The variables referring to fertilizer transportation in our study did not show any statistically significant correlation with N-fertilizer application rates, which differs from the results in other research. Previous results indicate that the distance from home to the fertilizer market and fields are factors that have a negative impact on N-fertilizer application rates (Kormawa et al. 2003; Zhou et al. 2010). The insignificant correlation between fertilizer transportation and N-fertilizer application rates in our study could be explained by the advanced development of transportation infrastructure in the study region. First, the impact of fertilizer transportation could be weakened with improved road conditions. In the surveyed region, all fertilizer transportation roads are concrete roads, which are convenient for the vehicles. Second, the factors relating to fertilizer transportation did not play an important role in changing the amount of N-fertilizer applied when cars, trucks, or motor bikes were used to transport fertilizer. In our study, 88 % of the surveyed households transported their fertilizer in vehicles. Third, extensive development of fertilizer markets and services could compensate the transportation influence. For instance, 99 % of the households lived <10 km from a fertilizer market, which can be easily reached in vehicles. Meanwhile, 40 % of the surveyed household had a free home delivery service.

4 Conclusions and policy implications

Compared to the crops’ requirement, N-fertilizer was overused in the Liangzihu Lake basin. Moreover, large-scale farmers show lower application rates than small-scale farmers. Thus, it is necessary to provide technical support to small-scale farmers. Moreover, policies encouraging “family farms” with large farmland and sustainable intensified agriculture should be facilitated. The high rent, low education level of labour, lack of law system, and bad management are the factors that obstacle the development of “family farms” (Juan and Quan-quan 2015). Thus, these problems should be solved when promoting the “family farms” policies.

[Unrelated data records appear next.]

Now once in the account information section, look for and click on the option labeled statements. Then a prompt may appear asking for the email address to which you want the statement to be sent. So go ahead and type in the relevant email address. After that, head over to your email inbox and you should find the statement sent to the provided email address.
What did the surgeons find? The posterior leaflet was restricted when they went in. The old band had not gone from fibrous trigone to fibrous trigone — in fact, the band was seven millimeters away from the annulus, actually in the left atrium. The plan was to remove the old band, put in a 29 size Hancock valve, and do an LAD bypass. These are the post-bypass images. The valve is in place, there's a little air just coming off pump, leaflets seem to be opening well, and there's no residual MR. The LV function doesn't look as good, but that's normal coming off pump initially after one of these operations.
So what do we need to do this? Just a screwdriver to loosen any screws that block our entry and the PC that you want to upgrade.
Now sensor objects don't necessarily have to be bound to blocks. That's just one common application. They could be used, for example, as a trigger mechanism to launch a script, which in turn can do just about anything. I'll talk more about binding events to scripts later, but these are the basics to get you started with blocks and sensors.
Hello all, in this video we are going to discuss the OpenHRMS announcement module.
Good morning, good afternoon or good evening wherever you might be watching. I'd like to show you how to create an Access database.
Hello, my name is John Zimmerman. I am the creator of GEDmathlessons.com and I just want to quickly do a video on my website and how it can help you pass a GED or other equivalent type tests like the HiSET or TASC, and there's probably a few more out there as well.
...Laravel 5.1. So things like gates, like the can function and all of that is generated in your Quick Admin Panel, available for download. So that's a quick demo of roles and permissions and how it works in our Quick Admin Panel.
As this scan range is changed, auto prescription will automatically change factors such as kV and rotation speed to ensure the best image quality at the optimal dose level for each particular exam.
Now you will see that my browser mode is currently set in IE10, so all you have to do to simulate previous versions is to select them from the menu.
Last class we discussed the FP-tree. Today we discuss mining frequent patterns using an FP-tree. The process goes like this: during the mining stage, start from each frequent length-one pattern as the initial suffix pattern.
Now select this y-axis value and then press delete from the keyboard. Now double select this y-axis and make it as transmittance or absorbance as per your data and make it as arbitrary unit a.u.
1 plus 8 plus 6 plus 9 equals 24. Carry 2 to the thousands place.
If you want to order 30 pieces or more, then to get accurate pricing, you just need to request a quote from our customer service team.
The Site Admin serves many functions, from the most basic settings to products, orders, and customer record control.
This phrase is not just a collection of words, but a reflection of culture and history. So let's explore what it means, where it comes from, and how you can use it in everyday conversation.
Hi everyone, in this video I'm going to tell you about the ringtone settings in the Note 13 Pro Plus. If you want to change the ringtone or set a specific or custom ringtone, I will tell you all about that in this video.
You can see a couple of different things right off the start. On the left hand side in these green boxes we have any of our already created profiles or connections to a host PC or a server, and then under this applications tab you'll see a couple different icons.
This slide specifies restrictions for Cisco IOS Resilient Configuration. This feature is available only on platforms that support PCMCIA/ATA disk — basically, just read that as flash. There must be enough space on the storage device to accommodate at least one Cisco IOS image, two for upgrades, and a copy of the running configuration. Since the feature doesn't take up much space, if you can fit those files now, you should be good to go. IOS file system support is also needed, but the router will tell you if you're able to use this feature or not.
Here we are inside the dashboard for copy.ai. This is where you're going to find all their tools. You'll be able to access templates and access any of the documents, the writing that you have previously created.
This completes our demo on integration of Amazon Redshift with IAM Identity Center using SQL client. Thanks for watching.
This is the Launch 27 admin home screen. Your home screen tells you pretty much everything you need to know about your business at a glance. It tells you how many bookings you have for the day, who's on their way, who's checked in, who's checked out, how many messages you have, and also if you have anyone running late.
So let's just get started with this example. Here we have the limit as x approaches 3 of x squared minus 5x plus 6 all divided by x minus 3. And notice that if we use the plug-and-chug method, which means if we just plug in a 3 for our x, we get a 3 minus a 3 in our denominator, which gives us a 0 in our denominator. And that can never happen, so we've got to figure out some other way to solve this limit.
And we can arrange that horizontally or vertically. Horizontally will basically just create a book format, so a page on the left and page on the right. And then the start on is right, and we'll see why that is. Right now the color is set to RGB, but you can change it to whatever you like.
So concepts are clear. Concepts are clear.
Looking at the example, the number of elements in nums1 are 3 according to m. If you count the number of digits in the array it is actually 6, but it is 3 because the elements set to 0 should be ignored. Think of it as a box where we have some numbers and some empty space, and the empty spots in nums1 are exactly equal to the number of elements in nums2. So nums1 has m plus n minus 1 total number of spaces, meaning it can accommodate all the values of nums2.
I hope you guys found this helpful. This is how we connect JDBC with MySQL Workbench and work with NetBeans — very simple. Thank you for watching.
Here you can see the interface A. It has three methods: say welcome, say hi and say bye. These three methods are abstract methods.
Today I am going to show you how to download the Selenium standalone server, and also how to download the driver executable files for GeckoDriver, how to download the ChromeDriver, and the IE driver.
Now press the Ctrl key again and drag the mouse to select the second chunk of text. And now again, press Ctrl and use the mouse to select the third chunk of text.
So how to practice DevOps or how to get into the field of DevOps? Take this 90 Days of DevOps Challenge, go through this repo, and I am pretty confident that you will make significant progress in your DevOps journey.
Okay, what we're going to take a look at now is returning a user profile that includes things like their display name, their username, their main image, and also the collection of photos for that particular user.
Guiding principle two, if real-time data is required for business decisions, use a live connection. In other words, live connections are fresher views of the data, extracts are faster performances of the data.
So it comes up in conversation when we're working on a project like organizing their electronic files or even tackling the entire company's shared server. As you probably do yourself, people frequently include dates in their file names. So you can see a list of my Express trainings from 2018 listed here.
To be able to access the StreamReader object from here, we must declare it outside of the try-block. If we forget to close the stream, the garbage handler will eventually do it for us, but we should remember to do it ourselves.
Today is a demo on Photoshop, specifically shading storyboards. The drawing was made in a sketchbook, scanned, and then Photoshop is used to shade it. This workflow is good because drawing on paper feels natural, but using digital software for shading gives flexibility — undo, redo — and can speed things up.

Farmers with higher off-farm income percentage tend to apply more N-fertilizer, because off-farm employment could restrict farmers’ working time. Accordingly, two ways may curb the overuse of fertilizer. First, appropriate policies targeting macroeconomic adjustment should be implemented to increase farmers’ agricultural income percentage. This could encourage farmers to spend more time on farm work and raise their willingness to learn advanced N-fertilizer management skills. Second, other policies that promote the mechanization to substitute labour force can also compensate the labour shortage, thus curbing the excessive N-fertilizer application (Yong-jun and Man-de 2014).

Higher education could help the farmers to access knowledge and properly evaluate the quality of the N-fertilizer, thus reducing N-fertilizer application rate. Accordingly, policy makers should offer more opportunities to the farmers to finish their basic education (9 years), which could help them to reduce N use.

Furthermore, with the development of fertilizer markets and transportation infrastructure in the surveyed region in last years, factors relating to fertilizer transportation did not show a significant correlation with N-fertilizer application rates (Fu-liang and Gu-cheng 2012). Although rich of water resources in the study region, lack of irrigation equipment is still a factor that may increase the N-fertilizer application rate in the farmland that far away from water resources.

Nevertheless, farmers’ N-fertilizer practice is a complex system, which cannot be explained adequately by a single theory or several factors (Kung and Cai 2000). Although factors significantly related to N-fertilizer application rates at household level were determined in this study, analysis on other factors such as policy factors at the government level, fertilizer market distribution, and cost–benefit factors at the market level is urgently needed to deepen the insight on the complete picture of factors that are associated with excessive N use (Ma Li-heng et al. 2011). Moreover, time series data from household surveys would be helpful to prove and estimate factors which are driving N-fertilizer overuse.